- _EXERCISE PROMPT_
The required answer is the data below, restated word for word with images omitted.

- _INFORMATION SUPPLIED_
──────────

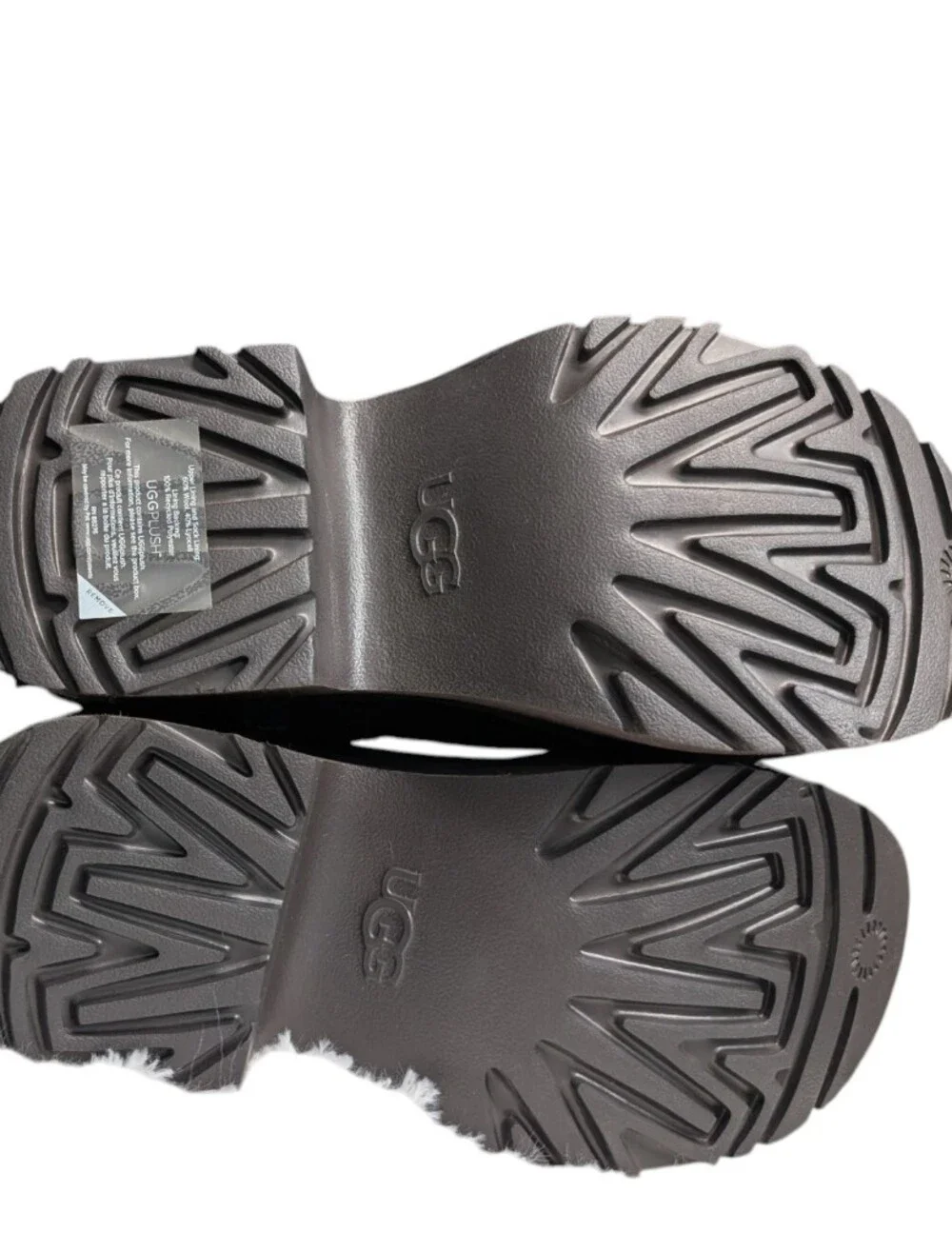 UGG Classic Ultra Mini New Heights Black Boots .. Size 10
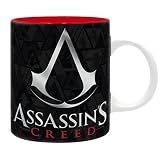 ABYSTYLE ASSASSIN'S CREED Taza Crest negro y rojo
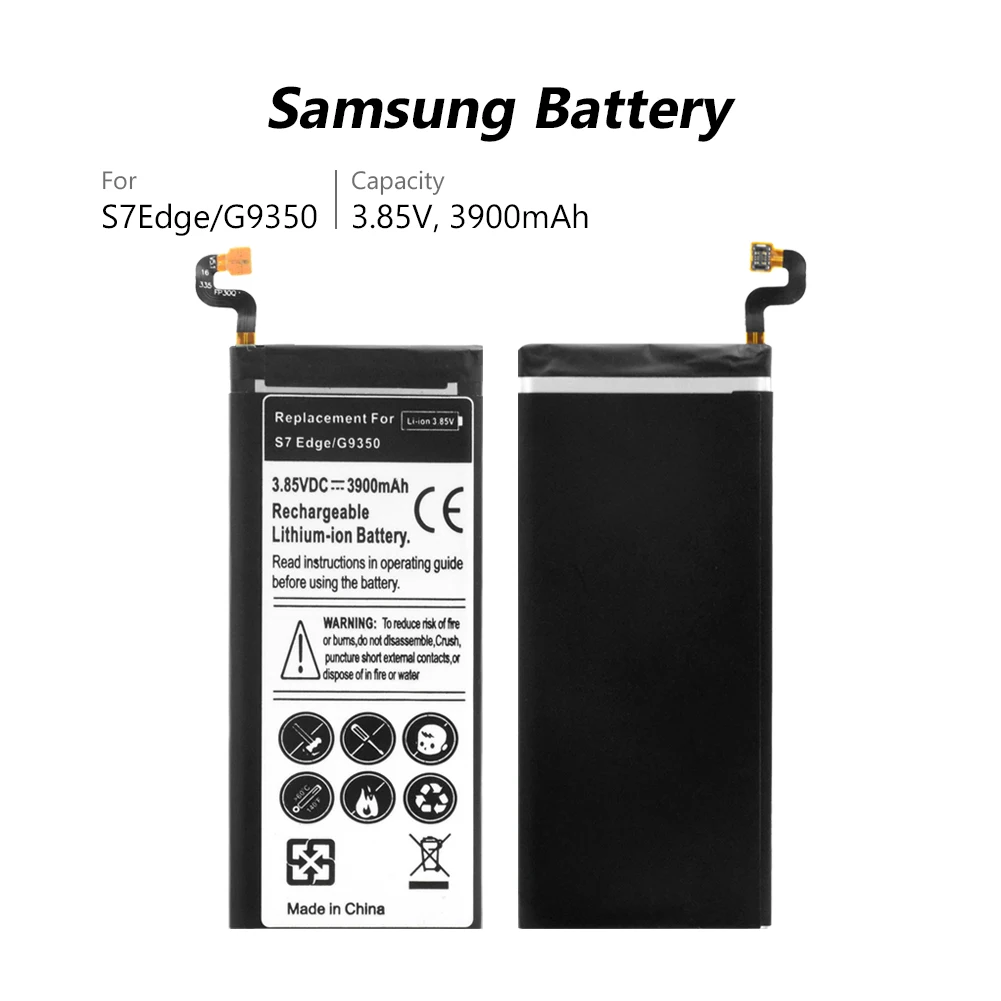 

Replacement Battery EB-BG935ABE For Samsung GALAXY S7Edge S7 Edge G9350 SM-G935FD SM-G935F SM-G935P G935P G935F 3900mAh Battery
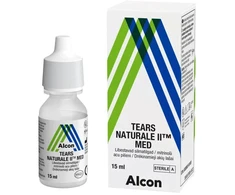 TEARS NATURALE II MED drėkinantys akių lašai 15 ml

──────────

- _TASK OUTPUT_
 UGG Classic Ultra Mini New Heights Black Boots .. Size 10
 ABYSTYLE ASSASSIN'S CREED Taza Crest negro y rojo

Replacement Battery EB-BG935ABE For Samsung GALAXY S7Edge S7 Edge G9350 SM-G935FD SM-G935F SM-G935P G935P G935F 3900mAh Battery
 TEARS NATURALE II MED drėkinantys akių lašai 15 ml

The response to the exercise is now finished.